The New Responsibility for Marketers
Marketing typically has the largest discretionary budget in any organization because of the variety of activities we do, but now it also has the largest discretionary technology budget. That shift of dollars away from IT has been causing tensions for some time, but marketers now must be at the head of the table when purchasing everything from CRM, to business intelligence and analytics tools, to ecommerce platforms, and of course the website. Just like technology, customer experience budget and planning will move more towards marketing—as will customer satisfaction KPIs. The entire customer journey from pre-sale to customer advocacy is part of the overall brand experience. Marketers will own it.
"Predictive analytics driven by AI and machine learning are going to change the way we do just about everything"
One of the biggest obstacles marketers still run into is resistance to change. The pressure is on to contribute to the pipeline, but a lot of companies still insist on maintaining legacy systems that don’t support the agility expected of marketers.
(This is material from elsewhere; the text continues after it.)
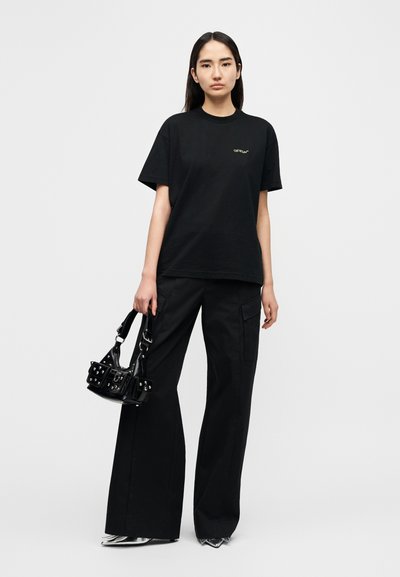 Μαύρο βαμβακερό μπλουζάκι με κοντά μανίκια και μικρό πράσινο λογότυπο. Συνδυάζεται με ψηλόμεσα μαύρα παντελόνια και μικρό μαύρο τσαντάκι.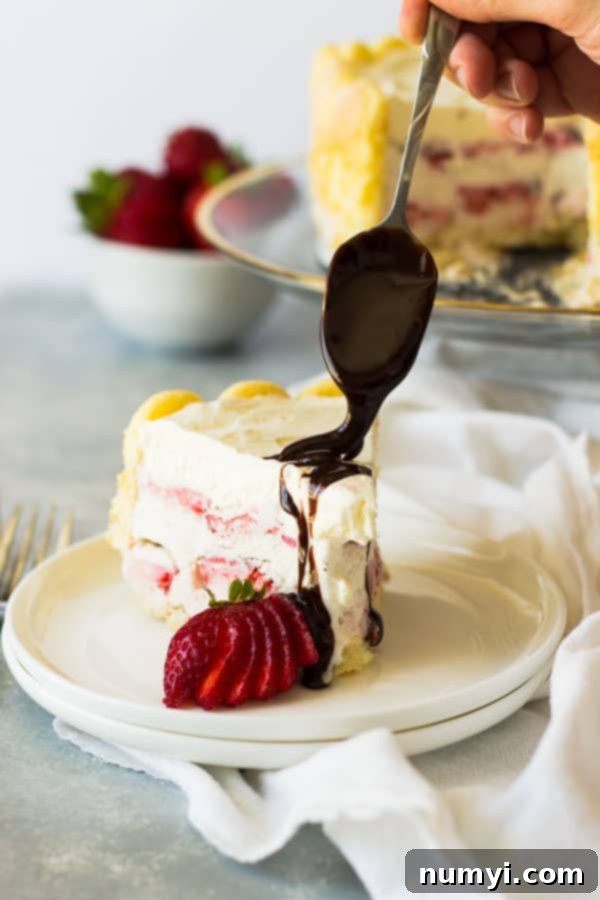 Ladyfinger Strawberry Ice Cream Cake -an easy and eye catching dessert. Layered with strawberry ice cream, luscious strawberries and topped with freshly whipped cream! | www.countrysidecravings.com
If we always left these things to IT, we might still be running everything with DOS commands and fearing the cloud. Outdated technology really gets in the way of marketers who want to push the envelope and get results fast.
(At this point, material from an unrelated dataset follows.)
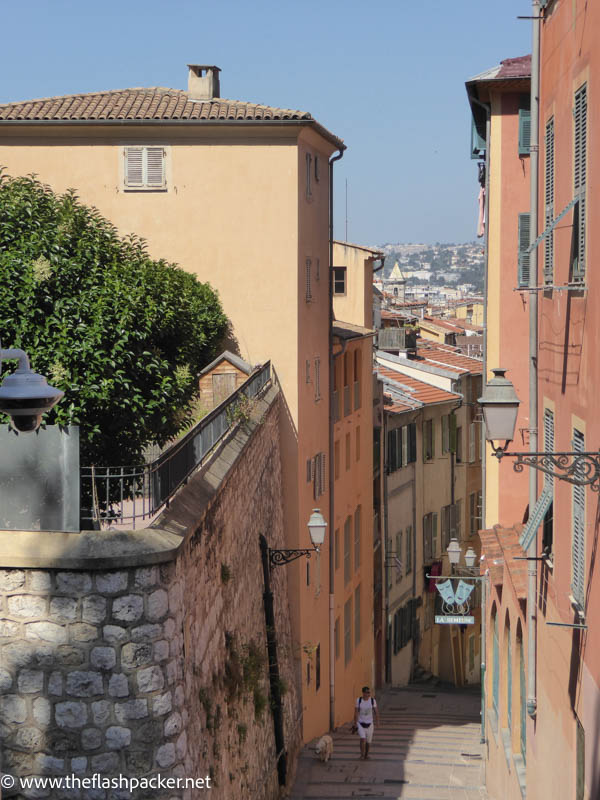 woman walking up steps with dog between ochre colored buildings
My sole focus is on the pipeline. Quantifying impact in the number of deliverables or even early stage metrics like MQLs is outdated, and it doesn’t tell the right story. Once you zero in on opportunities and revenue, it’s easy to see how important inbound is—it’s so closely tied to driving the desired behavior.
I still measure my team on meeting deadlines. We’re expected to deliver results every quarter and show we’re efficient and effective. Fast delivery absolutely matters. Prioritization is key to making this work without overworking my team. My role is to clear the runway so they’re more focused on doing the right things and delivering consistently.
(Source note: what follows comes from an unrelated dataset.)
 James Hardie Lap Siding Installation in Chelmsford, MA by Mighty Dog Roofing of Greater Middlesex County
An effective tech marketer can walk the line between right and left-brain thinking. To compete in an increasingly crowded and demanding landscape, marketers will have to be agile creative thinkers who can innovate in both what they do and how they do it; at the same time, they have to think analytically and always look for ways to improve and optimize for the best results.
In the business world, I think predictive analytics driven by AI and machine learning are going to change the way we do just about everything, in every part of any organization. On a personal level, I think virtual reality holds tremendous promise. My kids have a headset that holds an iPhone and they can go anywhere in the world that way. It’s incredible to think that eventually things that prevent people from traveling more—like cost or disability—will no longer be an obstacle. I know I’m never going to climb Mount Everest, but with VR, I can get a real sense of it. How great is that?
I am addicted to my Fitbit, and it has reshaped my eating and walking habits—I’m all about building up that daily calorie burn. FaceTime keeps me closer to my kids when I’m traveling for work. Seems like every day there’s a new app or tool that makes it easier to do something better, or to do things that seemed impossible just a few years ago. Feeling as if I’m living in the future a bit—it definitely gets me out of bed in the morning.